Если основная забота Ботеро направлена на эффективное соблюдение «государственного блага», то учение Кампанеллы, как отмечалось в статье, было призвано «революционировать в будущем весь строй социальной и политической нравственности и выдвинуть вперед новый идеал — совершенного равенства материальных благ и господства общественной правды»[152]. В понимании либерала Ковалевского «„Солнечный град“ <…> не фантазия, ставящая себе целью аллегорическое изображение царства разума, и не образец идеального, неосуществимого в мире государства, а мотивированная конституция, написанная будущим правителем небольшой республики горцев, в которой слабое развитие мануфактур и торговли и преобладание земледельческих интересов воспрепятствовали росту капитализма, где нет поэтому серьезных социальных контрастов, бедности и богатства, и внутренний мир нарушается чаще родовыми усобицами и фискальным гнетом, чем столкновениями труда и капитала»[153].
Однако сама проблематика статьи Ковалевского едва ли могла заинтересовать Белого. В поздних мемуарах он признавался, что социализм тогда виделся ему «до крайности упрощенным», и винил в том профессорскую среду:
<…> он <социализм> мне подан в сплетении с либеральными заскоками Ковалевских, которым цену я знаю; в то время и либералы, и консерваторы заслоняют от меня политический горизонт; от рабочего и крестьянского движения я отрезан бытом, незнанием фактов и неимением времени изучить то, что мне кажется лишь малым участком культуры <…> (
Несмотря на очевидную несправедливость и советскую ангажированность, это высказывание Белого в основе своей верно.
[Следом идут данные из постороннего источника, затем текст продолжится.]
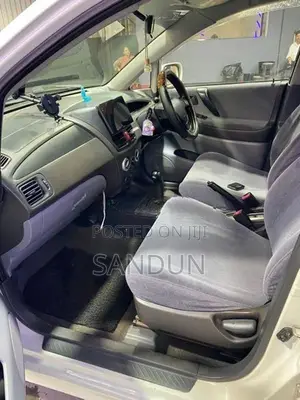 Suzuki Liana 2002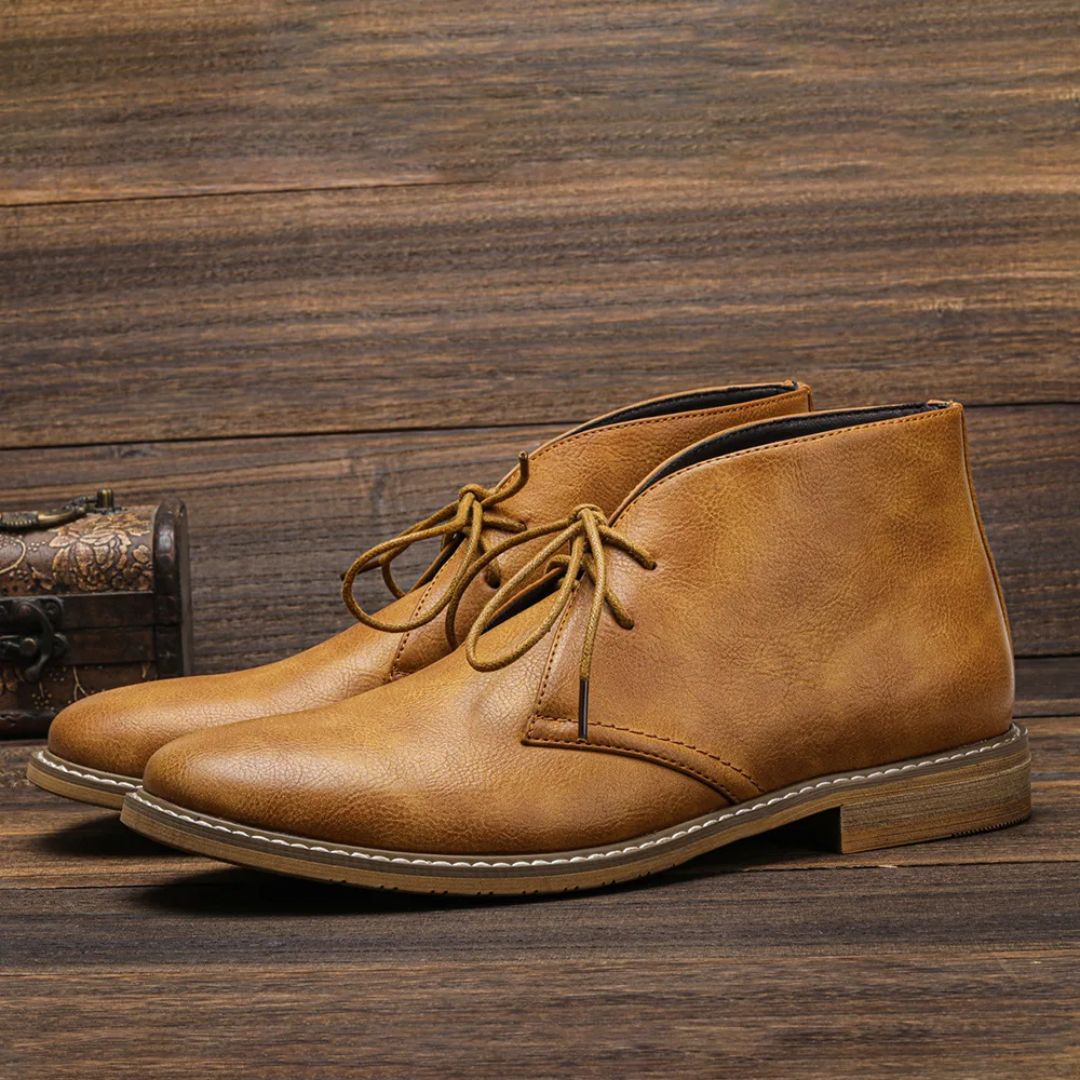 Luke™ - Classic Leather Chukka - Mia Montreal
Политические и социологические идеи не могли удовлетворить юношу, который мечтал о теургическом преображении мира, а не о рецептах достижения общественного блага. Думается, что Белый прельстился не идеями Кампанеллы в пересказе Ковалевского, а лишь заглавием утопического трактата — «Солнечный град». Оно коррелировало с образами «невидимого града Китежа», «града небесного Иерусалима» и, главное, совершенно органически встраивалось в аргонавтическую утопию, построенную на культе солнца.
Любопытно, что идея заимствовать у Кампанеллы название трактата могла быть подсказана Белому самим Ковалевским. Социолог полемизировал с попытками ряда ученых «связать учение Кампанеллы с порядками древних инков, сделавшихся известными в Европе благодаря завоеваниям Пизарро»[154], и увидеть в Civitas solis черты Куско — главного города империи инков, в центре которого так же стоял Храм Солнца. Ковалевский был решительным противником этой гипотезы, но допускал возможность заимствования Кампанеллой эффектного названия из «распространенных в Италии описаний Нового Света»[155].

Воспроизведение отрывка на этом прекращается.